__Data in this exercise__.
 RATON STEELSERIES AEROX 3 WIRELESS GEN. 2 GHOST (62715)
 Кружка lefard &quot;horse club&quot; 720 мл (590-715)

...

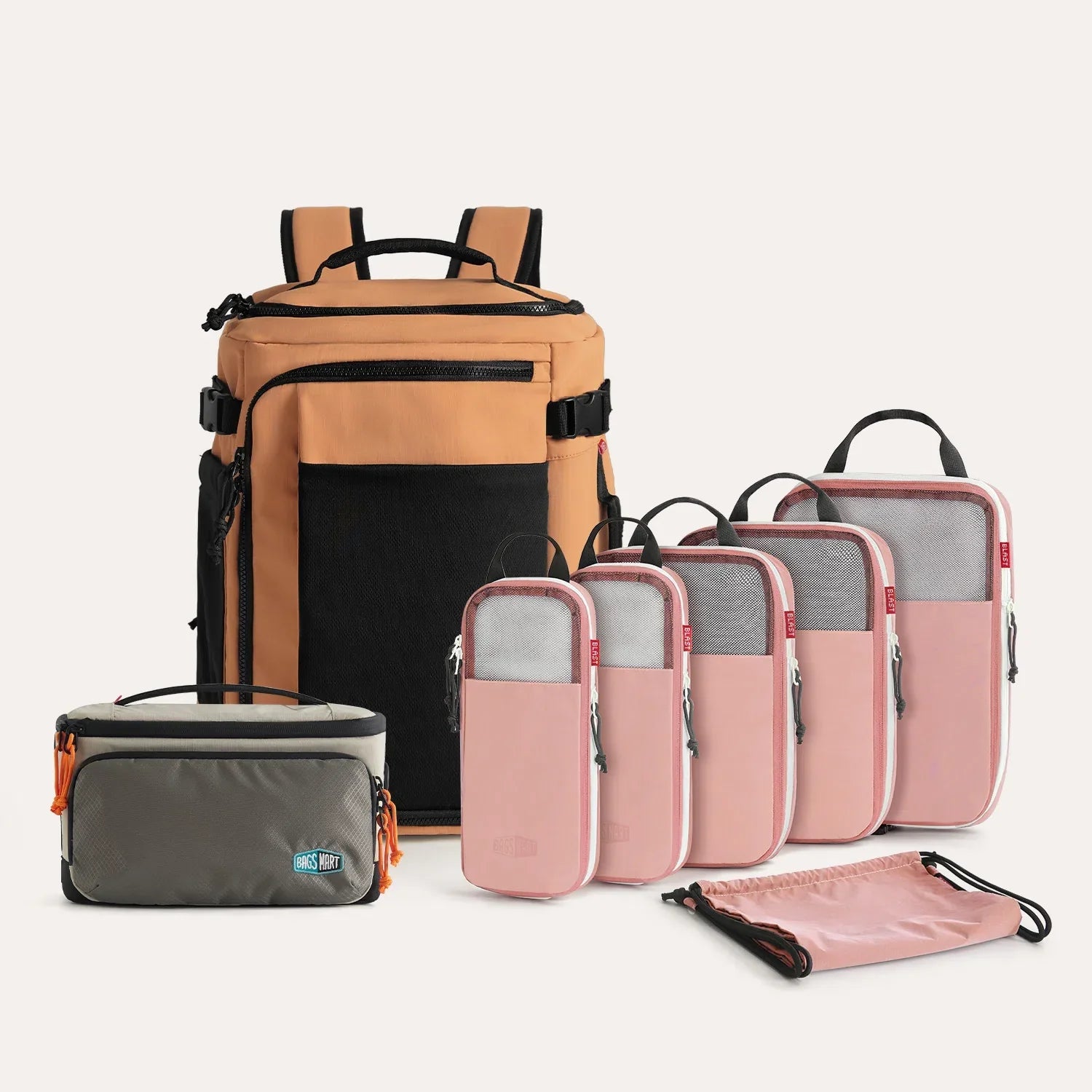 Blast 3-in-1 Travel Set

==

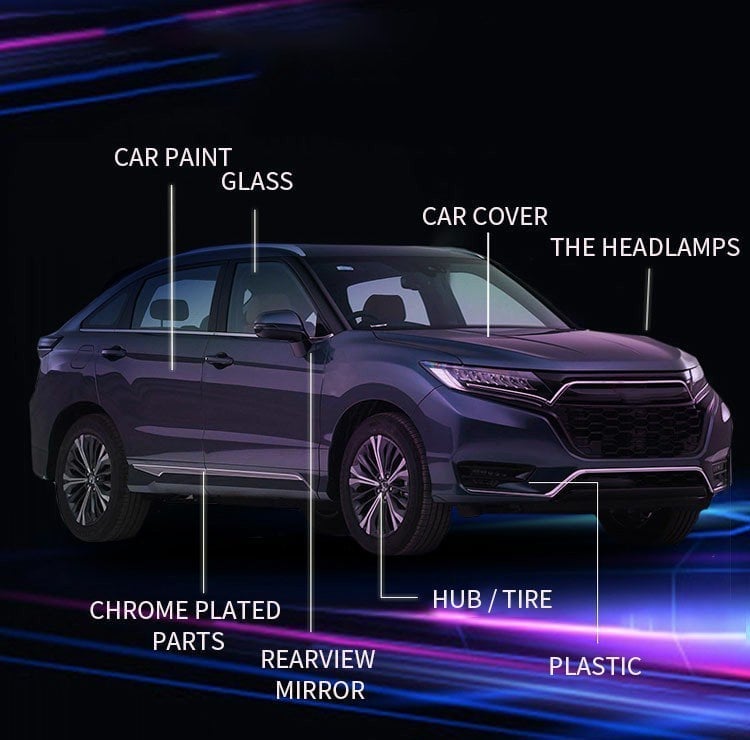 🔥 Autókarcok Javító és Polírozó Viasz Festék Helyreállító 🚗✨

__Activity__. Could you return exactly the lines above from the line with "RATON STEELSERIES AEROX" to the line with "Кружка lefard &quot;horse", both included, and nothing else?

__Written answer__.
 RATON STEELSERIES AEROX 3 WIRELESS GEN. 2 GHOST (62715)
 Кружка lefard &quot;horse club&quot; 720 мл (590-715)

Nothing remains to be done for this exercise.